# Raw data
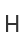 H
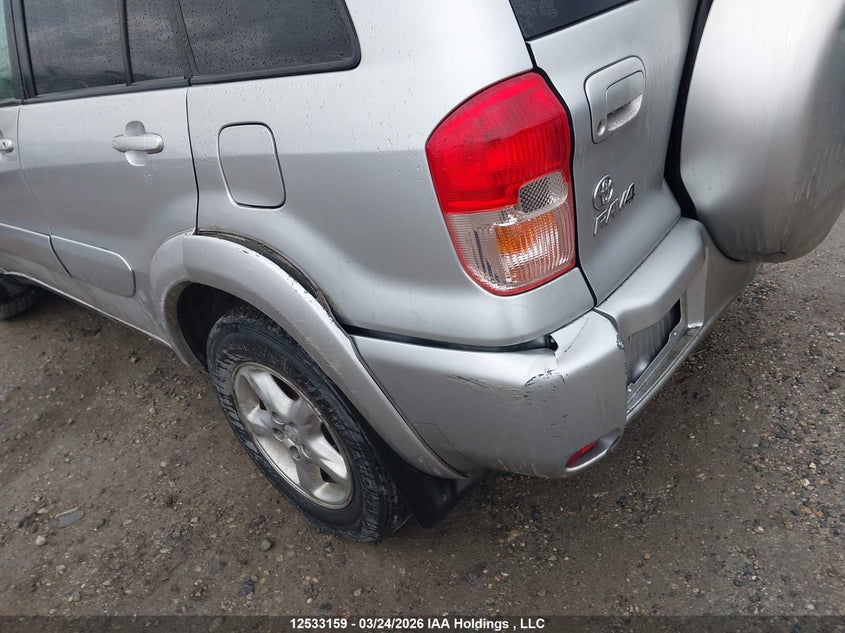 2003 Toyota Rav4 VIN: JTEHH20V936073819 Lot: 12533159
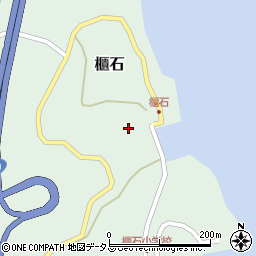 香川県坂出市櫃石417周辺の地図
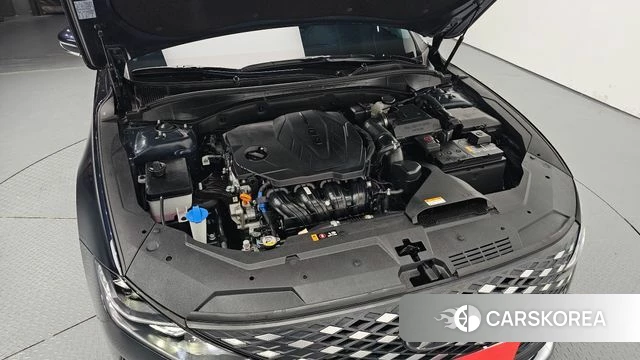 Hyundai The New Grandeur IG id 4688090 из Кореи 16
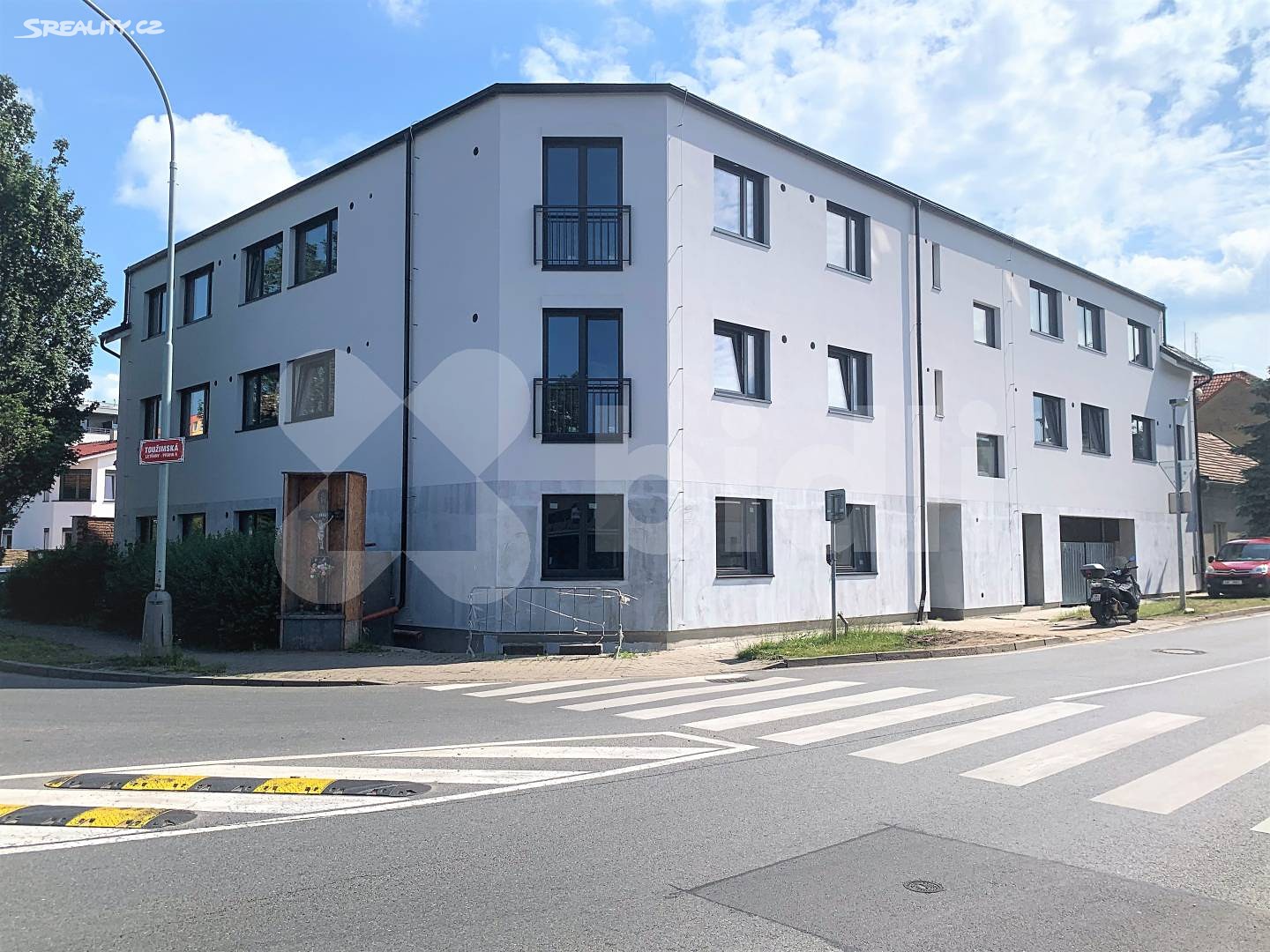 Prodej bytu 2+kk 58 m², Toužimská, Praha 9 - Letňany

# What is being asked
Return the material above exactly; the images stay out.

# Response to this exercise
 H
 2003 Toyota Rav4 VIN: JTEHH20V936073819 Lot: 12533159
 香川県坂出市櫃石417周辺の地図
 Hyundai The New Grandeur IG id 4688090 из Кореи 16
 Prodej bytu 2+kk 58 m², Toužimská, Praha 9 - Letňany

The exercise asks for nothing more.